3.2 Qualitative Interpretive Research
- What is it?
- Researchers believe reality is at least partly socially constructed—meaning that language, culture, and shared meanings shape our experiences.
- They focus on how people interpret or assign meaning to their world.
- Example: Interviewing employees about a new HR system, then analyzing how they perceive the system’s fairness, rather than trying to measure “fairness” numerically. The goal is to understand why they see it that way, rather than looking for a definitive “true” score of fairness.
So, QtPR differs from both types of qualitative research because QtPR relies on numeric data and aims to find statistical or causal patterns—whereas qualitative research (positivist or interpretive) deals more heavily in text, context, and meanings.
4. Why These Differences Matter
- Data Collection Approaches
- QtPR: Surveys, experiments, logs (numbers, counts, scales).
- QlPR: Interviews, observations, textual documents.
- Design Research: Prototypes, models, artifacts.
- Math Modeling: Theoretical formulas, assumptions, no real data.
- Data Analysis
- QtPR: Statistical techniques (correlations, regressions, structural equation modeling).
- QlPR: Might do basic statistics (like averages or simple tests), but often focuses on coding text, thematic analysis, or searching for patterns in transcripts.
- Design Research: Might rely on feasibility checks, proofs-of-concept, or algorithmic validity, though increasingly design researchers adopt QtPR-like experimentation.
- Math Modeling: No real data analysis—pure math derivations.
- Argument & Rhetorical Style
- QtPR: “Here’s our theory, here’s the numeric data, here’s what the data show about cause-and-effect.”
- Qualitative: “Here’s what people said, here are the themes we identified, here’s the deeper meaning behind those statements.”
- Design: “Here’s the new technology solution, here’s how it was built, and here’s how we proved it works (algorithmically or with real user testing).”

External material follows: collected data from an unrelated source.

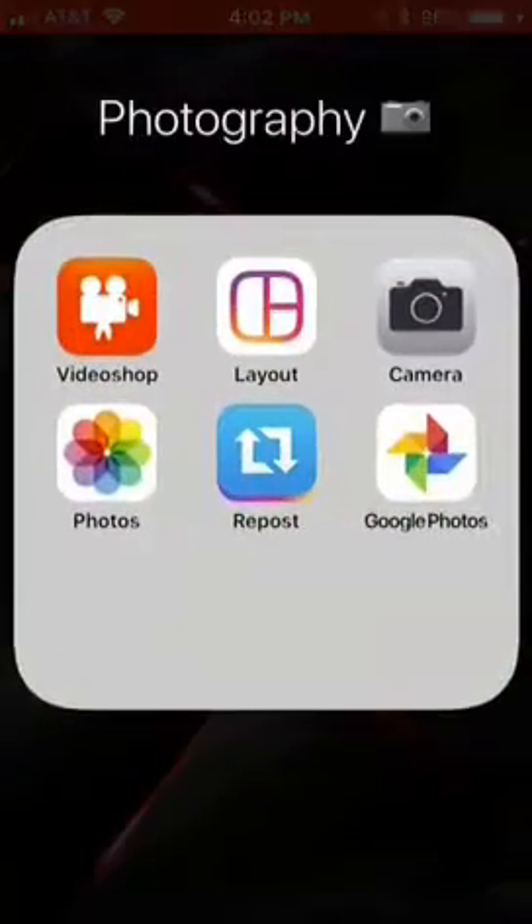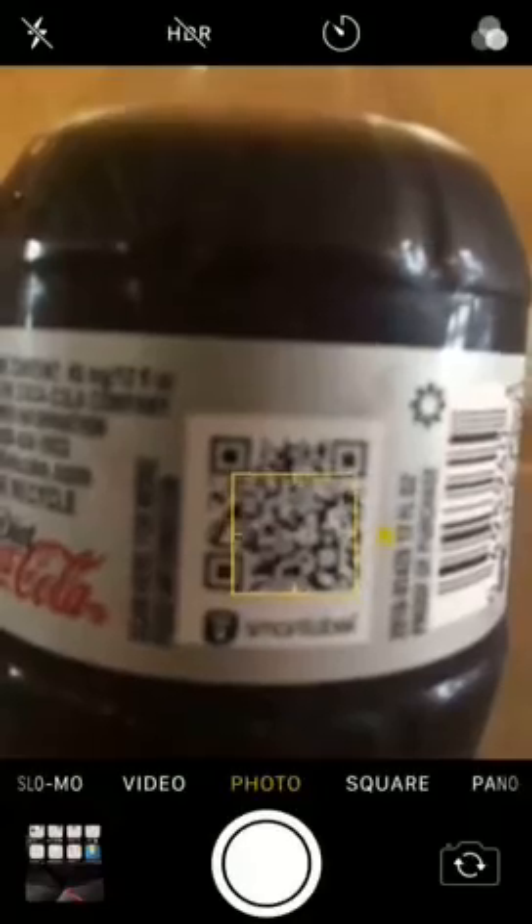So the first thing you're going to do, go to camera, and you're going to try to focus it in. You see I have a Diet Coke bottle here, and there's one of these bar scan things. You're going to try to focus it on there as best as possible. This might take a little bit.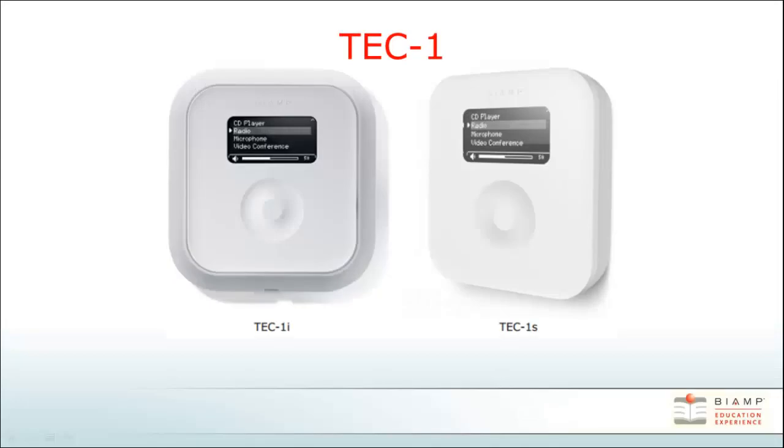The TECERA Ethernet controller, also known as the TEC-1, is a wall-mounted remote control for use with TECERA systems. The one shown on the left, the TEC-1i, is a flush mount version that recesses into a wall. The TEC-1s, shown on the right, is a surface mount version.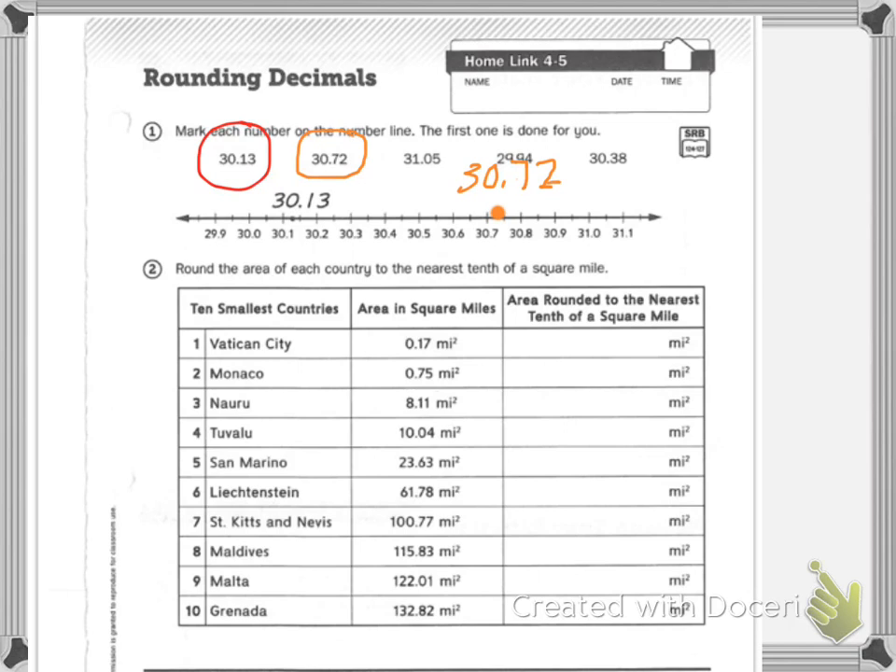I want you to do thirty-one and five-thousandths on your own, and twenty-nine and ninety-four hundredths on your own. Let's do the next one together in green — we're looking at thirty and thirty-eight hundredths. So I'm at thirty and three-tenths, and then I need to be past the halfway mark, so about there. That's thirty-point-three-eight.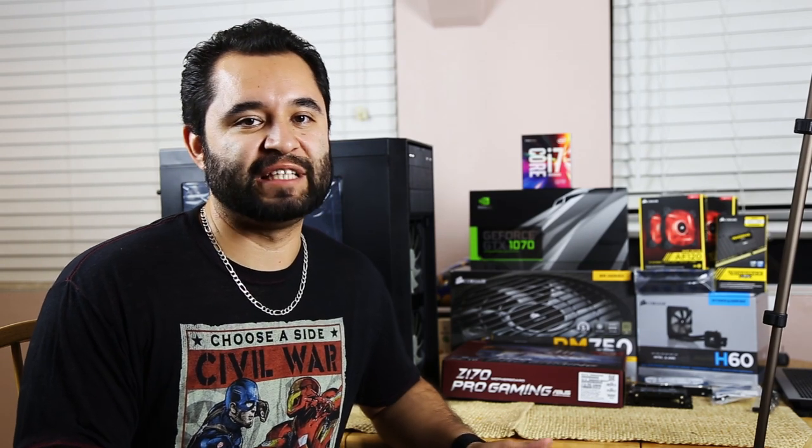We're doing this build for Garrett, which is going to be a complete overhaul of his system. He's coming from a very budget-oriented computer and this is just blowing it out of the water. It's an absolute beast of a setup and you're going to see how quickly we can go through it and how simple it is to build. So if you're looking to upgrade and build your own setup, it's pretty simple — you'll see.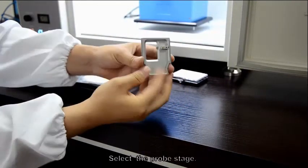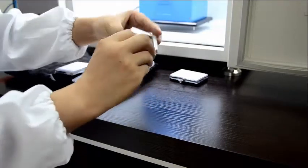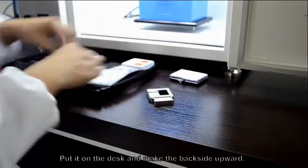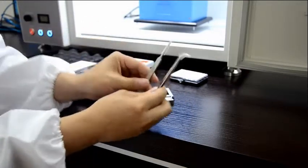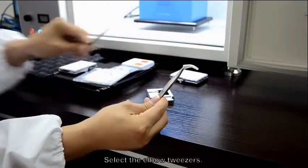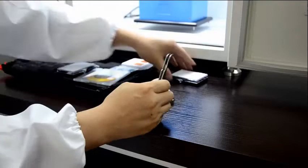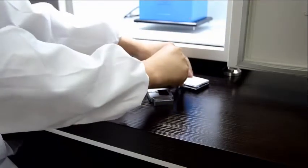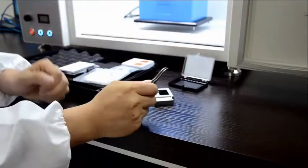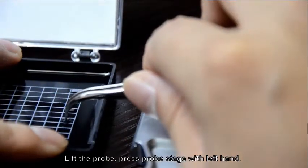Select the prop stage. Put it on the desk and make the back side upward. Select the elbow tweezers. Lift the prop and press the prop stitch with your left hand.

- Math: “Here’s the mathematical model, here are the assumptions, and here’s the proof that it holds under certain conditions.”
- Mix and Match?
- Researchers are not strictly limited; for example, a “qualitative positivist” might include some numbers (like counting how often a theme appears in interviews).
- A design researcher might add a quantitative experiment to show that the new artifact truly improves some outcome (e.g., speed or user satisfaction).
Bottom Line in Lay Terms
- QtPR always uses real data and a positivist approach (there’s a reality we can measure, even if imperfectly).
- It’s not purely theoretical (like math modeling), not just building artifacts (like design research), and not text-focused (like qualitative research), though it can sometimes overlap with these areas.
- If you’re doing QtPR, you’re typically collecting numeric information—like survey ratings or usage counts—and using statistical tests to see if your theory about how people or systems behave is supported by the data.
That’s why QtPR is unique: it’s all about numbers, testing cause-and-effect theories, and checking whether the data back up your claims—but it’s also open to the idea that we can never measure reality perfectly (the “post-positivist” part).
Summary:
- Mathematical Modeling: Theory + assumptions, no real data.
- Design Research: Building new IS artifacts, can validate with math or algorithms, but may also use real data.
- Qualitative (Positivist/Interpretive): Focus on text or interviews to understand reality or people’s interpretations.
- QtPR: Collect numeric data, test causal theories, align with a positivist/post-positivist mindset, and rely on statistical validation.